Patriots Day is a day of civic pride for Bostonians and others from the region. Nearly one million people line the marathon route and cheer the runners all day long. The surge of energy from the crowds aligning the streets is palpable and uplifting to the 20,000 or so runners.

It was as if the Woos, the Schneiders (April’s sister and her parents) and their friends were all a part of the celebration. April’s mother, Susie — also a longtime, multi-sport coach at St. Stephen Martyr — ran the 5K race on Sunday with Kaden and Kya and April's husband, Daniel, while April, her sister and father and two youngest children, Kamden and Kira, cheered from the very spot the second device was detonated.

“We picked an area to meet after the marathon at Boyleston and Arlington streets where there’s a nice park,” Woo said. “We waited for all our friends to finish and the family was tracking all of our times and progress. I came out of the medical tent around the time my sister finished and we all convened at that park. It was such a pretty day, really beautiful and we were in no hurry to get out of there. We got ice cream and we just let the kids play. We put Mom and Dad in a cab to the airport around 2:45 p.m. and we gathered the kids and went down to take the subway to our hotel in Cambridge.”

The Woo family went underground and the world was right. They came above ground and the world was out of line.

“We were getting ready to transfer to the Red Line to Cambridge, but that’s when we were asked to leave the subway immediately,” Woo recalled. “We came up and all you saw and heard was ambulances, bomb squads, police cars and emergency vehicles. We were in Boston Common and I’d never seen so many responders. So many people were everywhere in and around the Common.

“We walked the two miles to the hotel, just trying to keep calm for the kids so they wouldn’t panic.
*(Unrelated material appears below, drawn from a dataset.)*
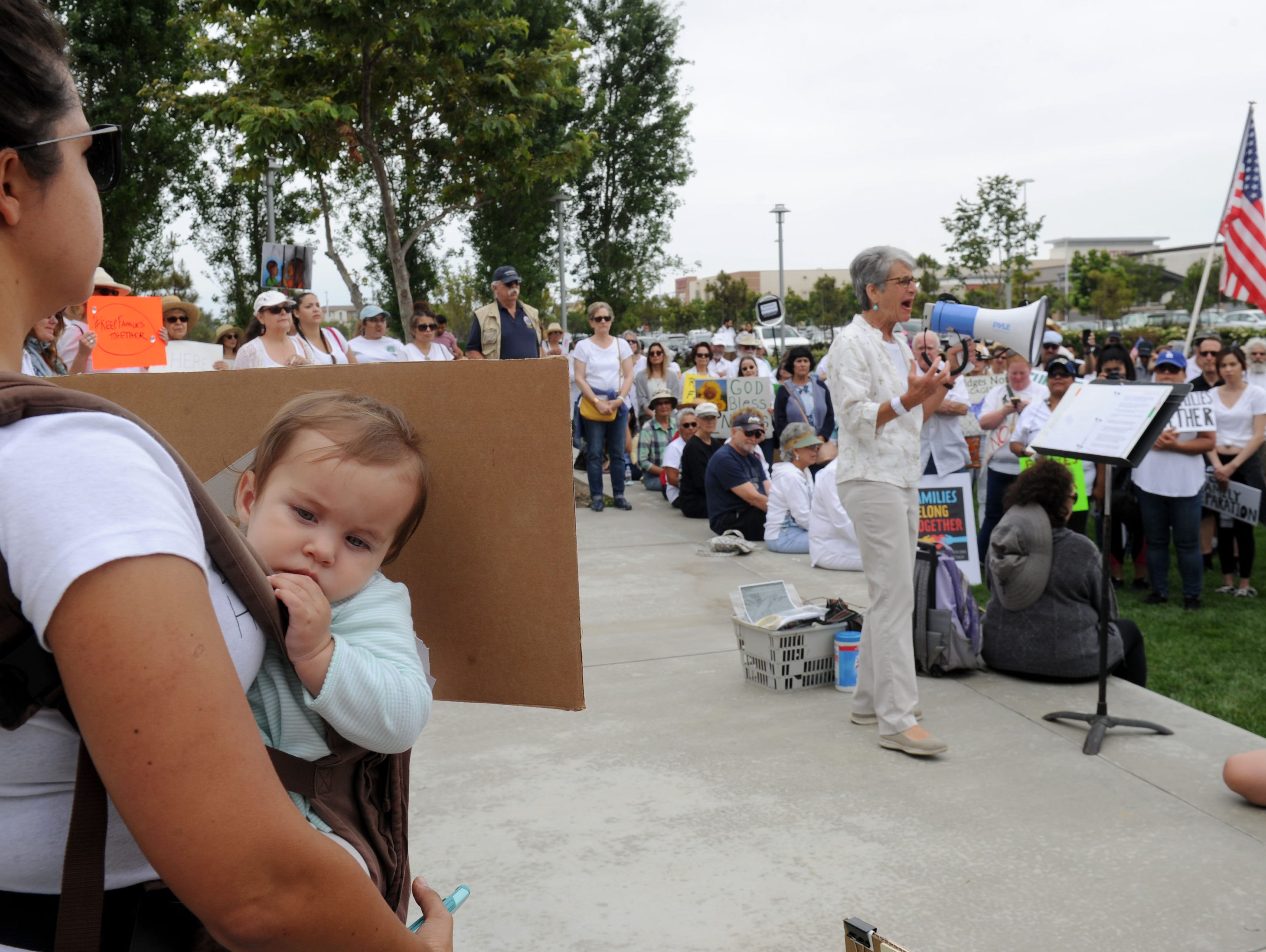 Valerie Yates holds on to her daughter Mia, 10 months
We found out what happened as we were walking (to the hotel) because my cousin’s wife contacted us from the hotel, frantic, because she knew we were still in the area. But we made it to the hotel, got the kids to the pool and that’s when I broke down. It was very emotional, but with the kids, you need to stay calm and stay strong. Walking two miles with the kids, it was amazing how well-behaved they were under those circumstances.”

April Woo would do it all over again and has designs on running in Boston sometime in the future. Though it was an emotionally draining day, Woo wants to keep the day’s events in perspective for her family.

“I love running and I don’t want something like this to ruin that love,” she said. “I want my kids to continue to do things that they love to do. They aspire to run and be active. There is so much good in our world and I hope that that would never be overshadowed by this tragedy.”

And that’s exactly the response and attitude one can expect from a sturdy American, a born and raised Louisvillian with an unconquerable resolve to keep moving her life, her family and their love of sport in the right direction.